Hij was een jaar of vijf, toen hij een (kinder)vishengel kreeg van Oom Cees.
Mét de belofte dat ze samen een keertje zouden gaan vissen.
Dat leek mij een goed idee, want ik ben geen kenner en heb nog nooit een hengel vastgehouden. Ik wéét hoe ik de waterbak van Zwaardvis moet verschonen, maar laat het graag aan W. over. Dus vissen met mij leek geen goed plan.
De tijd verstreek en er werd niet gevist. Druk enzo.

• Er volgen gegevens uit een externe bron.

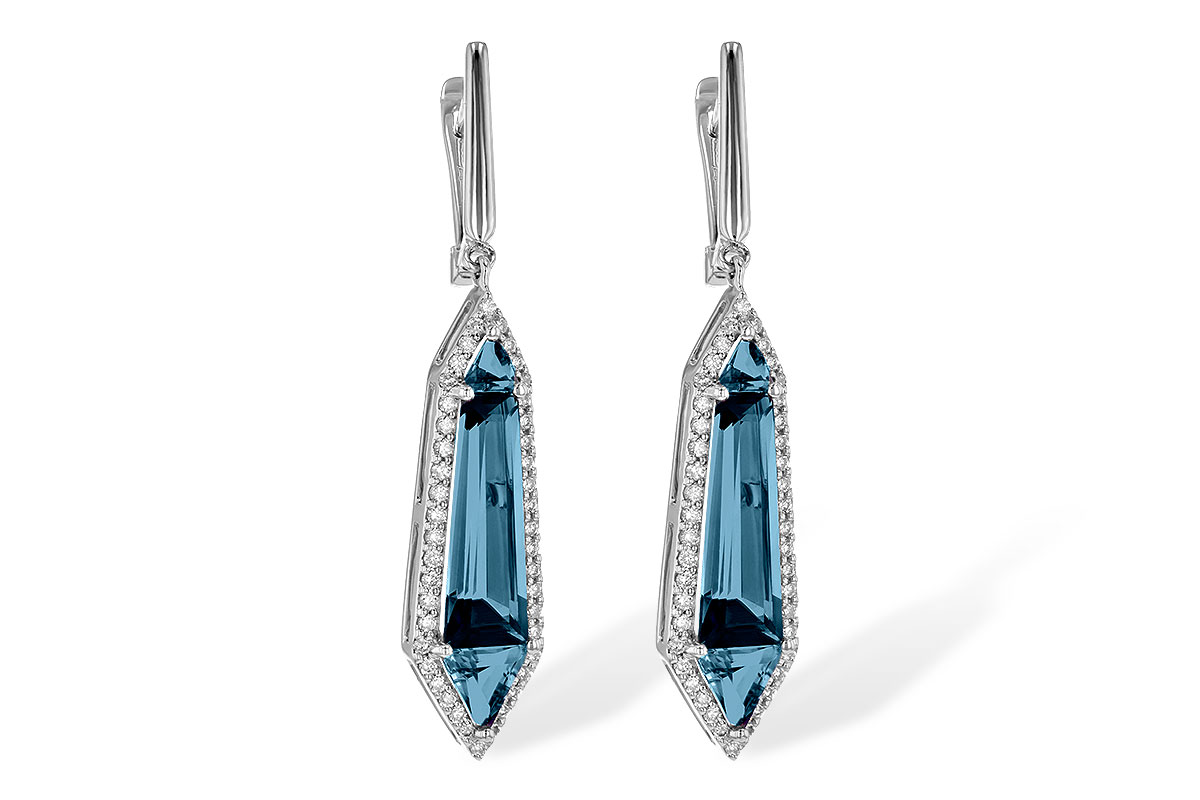 M190-39561: EARR 5.25 LONDON BLUE TOPAZ 5.67 TGW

In beslag genomen door Grote Mensen dingen.
Hij vroeg er wel naar hoor, maar nam ook genoegen met een "Ja, dat gaan we zeker een keer doen", en huppelde dan weer verder.
Maar nu. Nu. Is. Hij. Elf.
Elf heeft een ijzersterk geheugen en weet de belofte nog. Elf pakt zulke dingen anders aan.
Als Oom Cees belt voor zijn vader, eist hij eerst zelf de aandacht op.
"Wanneer gaan we?"
"Ja, dat gaan we zeker een keer doen."
"Prima, wanneer kunt u?"
"Dan moet ik in mijn agenda kijken."
"Nou, ik wacht wel even....."
Vijf minuten later had hij een date.
Voor over een week. Het was een echt verheugje. Hij telde de dagen af, want mam - ik ga nu écht vissen hè?! We doken de schuur in en vonden de hengel nog in de verpakking, onder een dikke laag stof. Even blazen en hij was er klaar voor.
Op een dinsdagochtend tijdens de zomervakantie stond hij voor de deur. Met een cadeau. Daarin een hengel. Hah! Aan het geheugen van Oom Cees zit wél een steekje los.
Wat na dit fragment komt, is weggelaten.